SUPPLIED DATA ▸
★ ★ ★ ★ ★ ★ ★

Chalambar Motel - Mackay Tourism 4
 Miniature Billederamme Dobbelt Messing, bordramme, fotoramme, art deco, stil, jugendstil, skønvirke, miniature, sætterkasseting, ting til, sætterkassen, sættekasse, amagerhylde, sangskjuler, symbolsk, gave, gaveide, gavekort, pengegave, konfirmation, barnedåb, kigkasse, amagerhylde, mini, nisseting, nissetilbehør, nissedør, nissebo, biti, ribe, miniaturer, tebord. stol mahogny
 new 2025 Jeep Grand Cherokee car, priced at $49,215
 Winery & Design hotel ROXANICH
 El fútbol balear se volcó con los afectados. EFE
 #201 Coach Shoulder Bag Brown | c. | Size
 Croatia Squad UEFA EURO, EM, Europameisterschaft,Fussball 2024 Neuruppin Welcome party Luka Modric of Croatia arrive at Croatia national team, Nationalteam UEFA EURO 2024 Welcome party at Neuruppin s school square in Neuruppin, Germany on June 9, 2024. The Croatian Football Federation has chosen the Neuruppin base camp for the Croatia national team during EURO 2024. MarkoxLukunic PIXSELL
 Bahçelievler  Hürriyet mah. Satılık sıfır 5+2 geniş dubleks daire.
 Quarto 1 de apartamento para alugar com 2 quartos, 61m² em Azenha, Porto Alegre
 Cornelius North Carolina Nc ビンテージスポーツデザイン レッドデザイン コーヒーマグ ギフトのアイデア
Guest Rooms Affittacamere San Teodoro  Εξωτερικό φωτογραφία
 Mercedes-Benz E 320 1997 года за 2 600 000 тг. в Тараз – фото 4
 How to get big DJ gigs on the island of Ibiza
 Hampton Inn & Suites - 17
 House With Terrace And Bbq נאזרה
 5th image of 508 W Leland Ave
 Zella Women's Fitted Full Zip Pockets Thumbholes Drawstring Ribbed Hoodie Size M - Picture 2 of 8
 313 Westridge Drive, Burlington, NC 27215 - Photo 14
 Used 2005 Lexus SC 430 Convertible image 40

★ ★ ★ ★ ★ ★ ★

WORK INSTRUCTION ▸
With the line that contains "Guest Rooms Affittacamere" as the start, output every line through the end of the entries exactly. Add no other lines.

OUTPUT FOR THIS TASK ▸
Guest Rooms Affittacamere San Teodoro  Εξωτερικό φωτογραφία
 Mercedes-Benz E 320 1997 года за 2 600 000 тг. в Тараз – фото 4
 How to get big DJ gigs on the island of Ibiza
 Hampton Inn & Suites - 17
 House With Terrace And Bbq נאזרה
 5th image of 508 W Leland Ave
 Zella Women's Fitted Full Zip Pockets Thumbholes Drawstring Ribbed Hoodie Size M - Picture 2 of 8
 313 Westridge Drive, Burlington, NC 27215 - Photo 14
 Used 2005 Lexus SC 430 Convertible image 40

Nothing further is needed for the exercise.